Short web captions
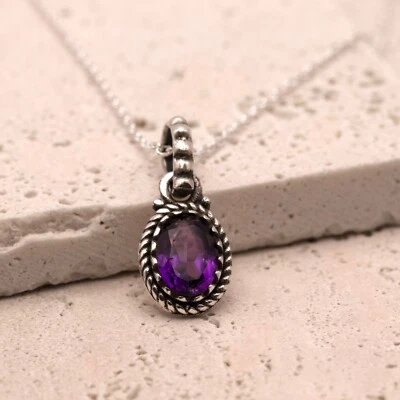 Collar colgante vintage de plata de ley 925 con piedras preciosas de amatista púrpura para dama Foto 1 de 4
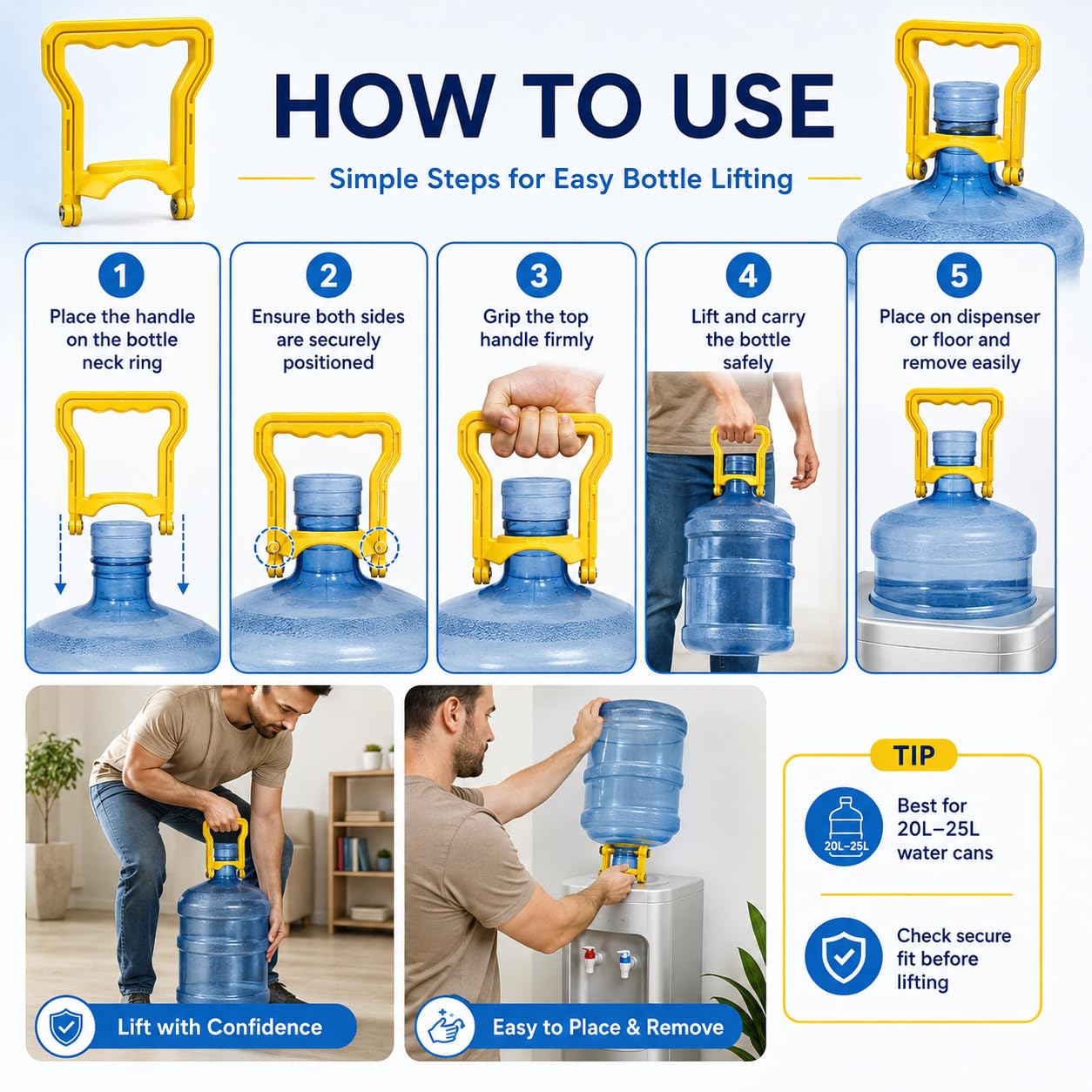 Kitchen Clean® Water Can Carry Handle | Hiqh Quality Water Dispenser Can Carry Tool | DIY Easy Lift Tool | 20L Bottle Lifter | Mineral Water Bottle Holder (Pack of 1) 4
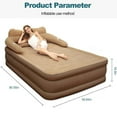 thumbnail image 5 of OUYI Inflatable Bed Double Leak-proof mattress with Electric Pump & Pillows Removable Backrest Multifunctional Foldable Air Sofa Guest Bed, 600lb Max(Brown, Queen Size), 5 of 9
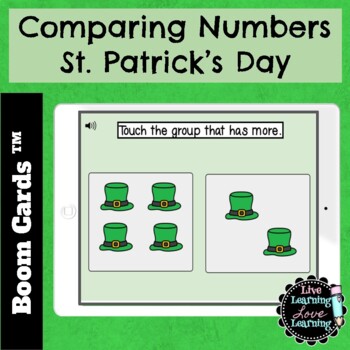 Preview of Comparing Numbers 1 to 10 St. Patrick's Day Boom Cards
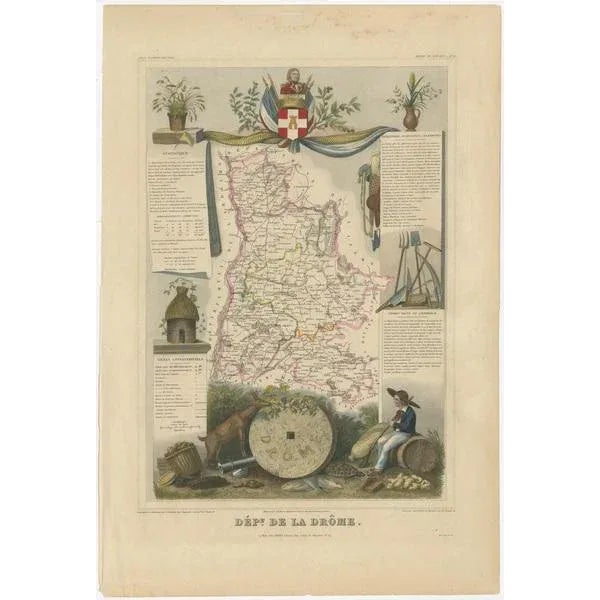 Antique map titled 'Dépt. de la Drôme'. Map of the French department of Drôme, France. This area is known for its...
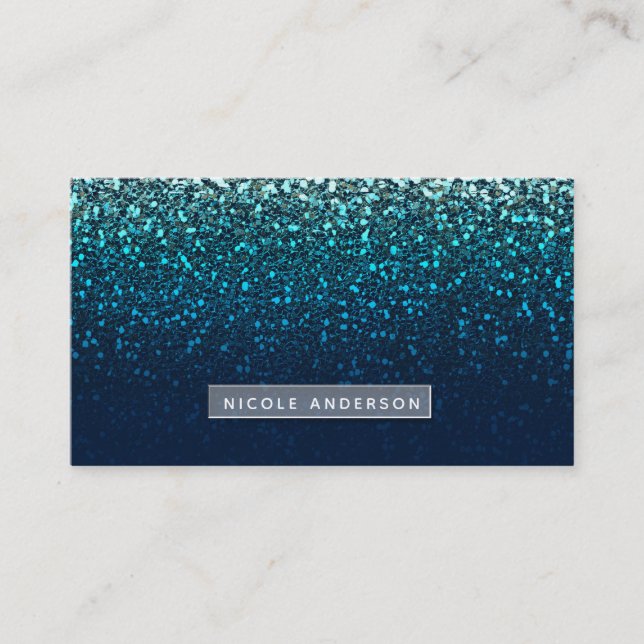 Blue Aqua Navy Glitter Sparkle Modern Glam Chic Business Card (Front)
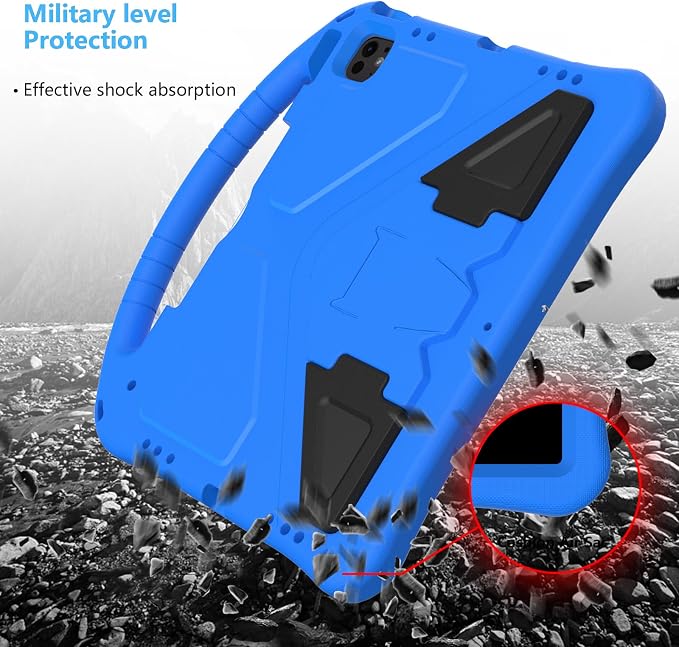 Dteck Kids Case for iPad 10.2 - Shockproof Rugged EVA Handle Stand Child Proof Case for iPad 9/8/7 Generation Black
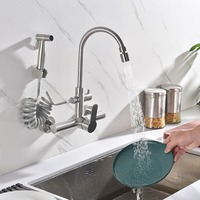 Robinet de cuisine mural en acier inoxydable 304, mitigeur chaud/froid avec bec pivotant et douchette extractible pour lave-linge, balcon, évier
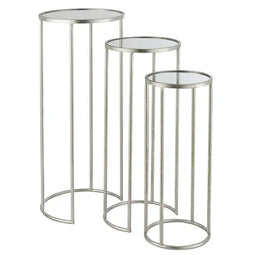 J-Line bijzettafel Leo Spiegel - ijzer - zilver - 3 stuks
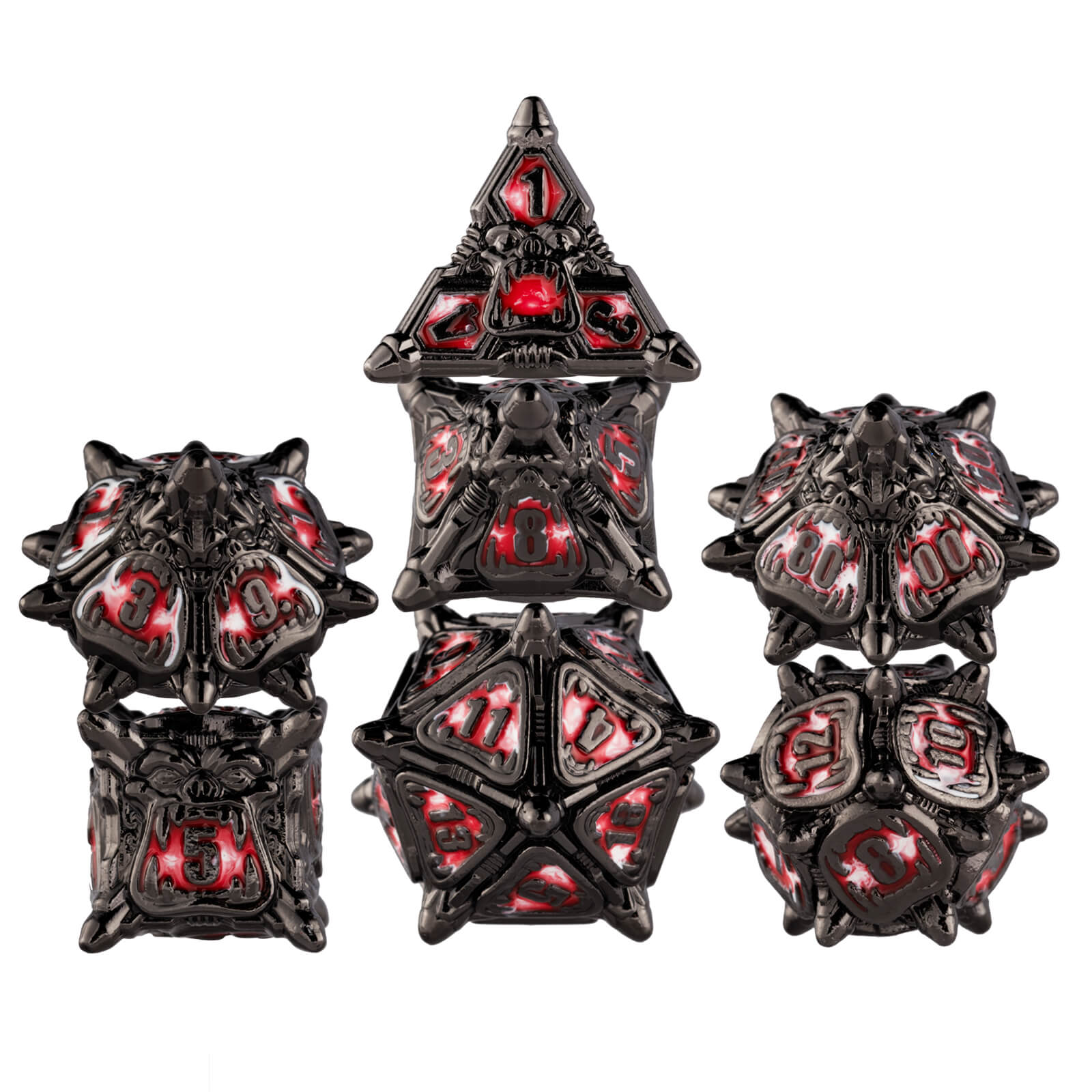 Monster 7 Polyhedral Metal D&D Dice Sets - Black Nickel Red - Dice of Dragons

[Task item] Above are entries with pictures among them. Write out exactly the lines from the one containing "Dteck Kids Case" through the one containing "Robinet de cuisine", ends included, and leave those pictures out.

[The completed task]
 Dteck Kids Case for iPad 10.2 - Shockproof Rugged EVA Handle Stand Child Proof Case for iPad 9/8/7 Generation Black
 Robinet de cuisine mural en acier inoxydable 304, mitigeur chaud/froid avec bec pivotant et douchette extractible pour lave-linge, balcon, évier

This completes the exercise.